Powell stated during the post-meeting press conference.
Certainly, the Federal Reserve’s recent announcement to slow down its balance sheet reduction set the stage for Bitcoin’s superb recovery. Investors breathed a collective sigh of relief as the central bank signaled a more accommodative monetary policy stance, alleviating fears of excessive tightening.
Bitcoin Bull Cycle Imminent? Technical Analysis Hints So
Bitcoin’s price on May 6th stands at $63,513.92, with a $1.25 trillion market cap and $25.57 billion traded in 24 hours. This is a surge of 3.23%, showcasing strong bullish momentum.

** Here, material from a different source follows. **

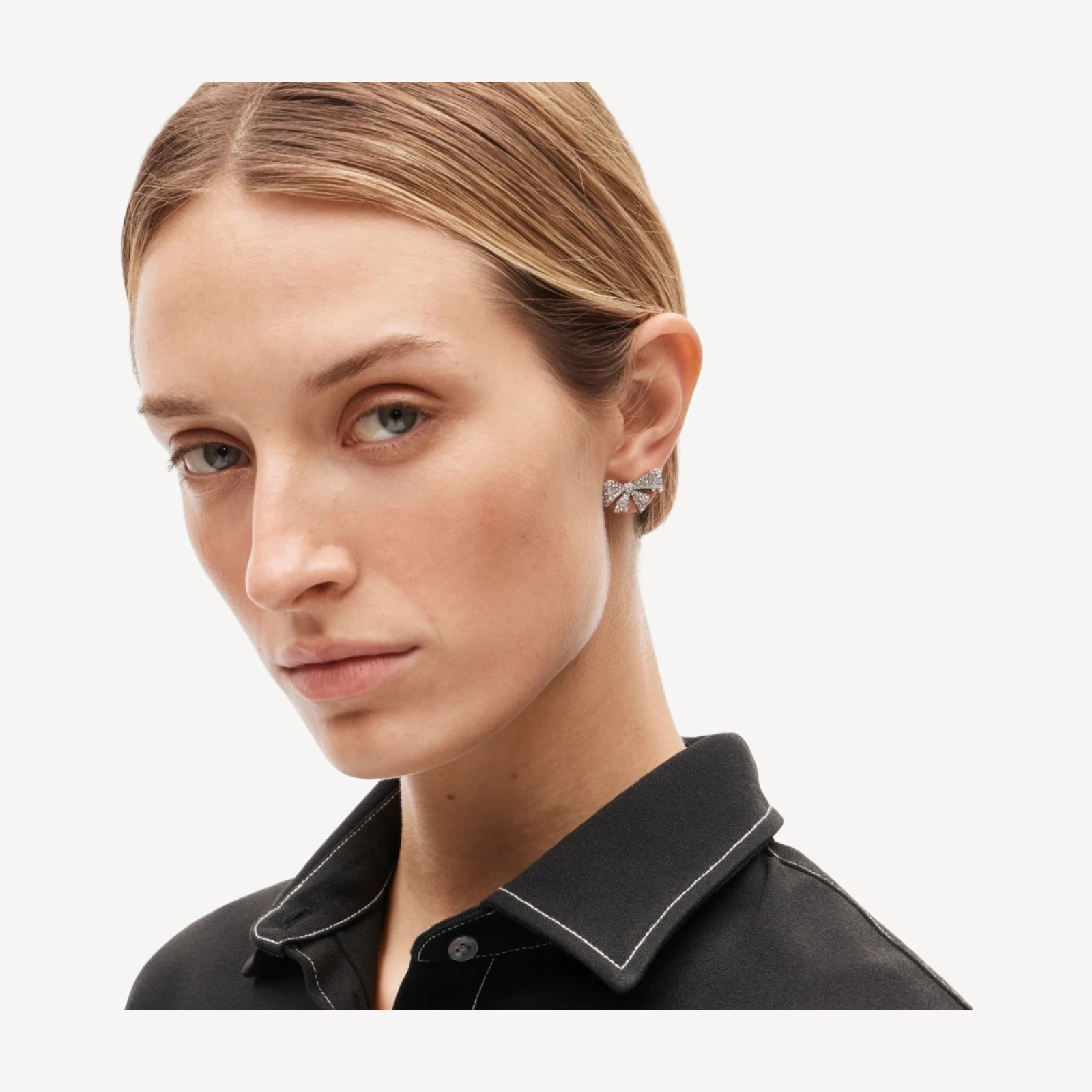 Pavé bow stud earrings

Interestingly, analyst Rekt Capital notes Bitcoin typically sees a “danger zone” correction after halving events. These are often followed by a substantial price surge. The recent 49-day correction could precede a potential bull spike from mid-September to mid-October 2025.
Significantly, whales accumulated over 47,000 BTC on Friday according to CryptoQuant data. CEO Ki Young Ju states this whale accumulation during the dip signals institutional investors view the correction as a buying opportunity. This activity builds confidence in Bitcoin’s long-term trajectory.
Additionally, technical analysis suggests an imminent bull run may be brewing for those accumulating Bitcoin amid the current correction.